今回は取り付けに関係するサイズについて。 とは言いましてもトグルスイッチの全体のサイズに関してはほぼ見たままです。箱型が背が低く、次に国産系縦型、一番背が高いのがスイッチクラフト縦型です。下の段は横型のトグルスイッチで、一般的にボディ厚が薄いギターなどに使用されています。ちなみに左が国産タイプで右がスイッチクラフトです。サイズ的には箱型も横型の代用が利きそうです。この辺りは単純にその大きさで入る・入らないに関係してきますので、交換する際は今使用しているトグルスイッチがどのタイプなのか?また今使用しているトグルスイッチに対してギター側のスペースにどの程度余裕があるのか?でチョイスする幅が変わってきます。
ところで、各トグルスイッチの取り付け部分のネジ切りの長さに注目してみると、手持ちのサンプルでは箱型が一番長く、スイッチクラフトだけ縦型も横型も極端に短いのが判りました。実はこの部分が少々判りづらい問題点となっています。トグルスイッチはボディやプレート挟み込んで固定しますが、このネジ部分が短いと取り付けたい場所に厚みがある場合は取り付けが出来なくなります。クオリティが高いスイッチということで、スイッチクラフトに交換希望のケースも多いですが、その時プレートやピックガードなど板物に固定する場合はさして問題になりませんが、ボディトップに直接取り付ける場合などは注意が必要になります。
ちなみに画像にはありませんが、スイッチクラフトから縦型でショートタイプという、国産系トグルスイッチに似た形状の物もあります。そちらの方はネジ切り部分が国産系並みに長いです。
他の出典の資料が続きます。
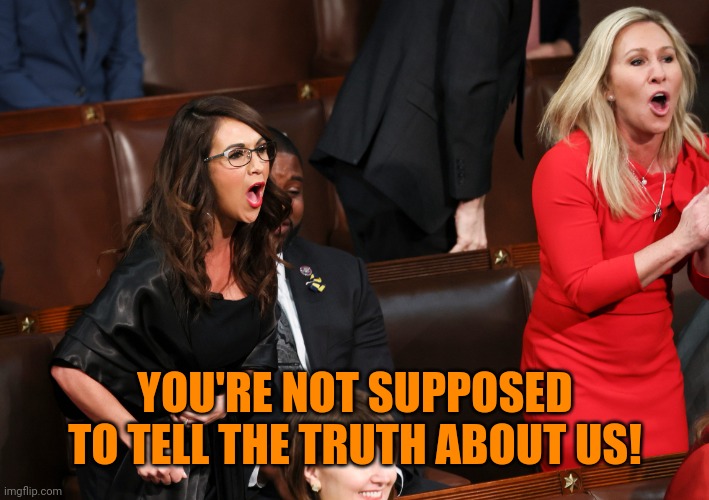 Lauren Boebert Marjorie Taylor Greene | YOU'RE NOT SUPPOSED TO TELL THE TRUTH ABOUT US! | image tagged in lauren boebert marjorie taylor greene | made w/ Imgflip meme maker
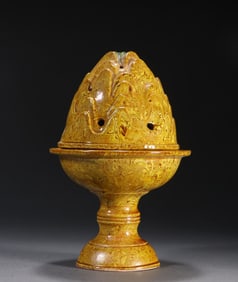 One piece of yellow glaze twisted tire Boshan furnace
またスイッチクラフトの横型でもネジ切り部分が長くなったバージョンもあります。これなら安心!?


という訳でギブソンなどでは(ギターで一般的な)スイッチクラフトのトグルスイッチ固定には右側のようなナットを使用します。ディープ・スレッド・タイプなどと言われたりするようです。このナットは左側のような個体に比べて背が高くネジ切り部分が長くなっています。そして取り付けの際は一段細くなっている下側がボディ内部に埋まるようになりますので、結果、少し厚みのある部分にもこのナットが埋まる長さ分であれば対応できる訳です。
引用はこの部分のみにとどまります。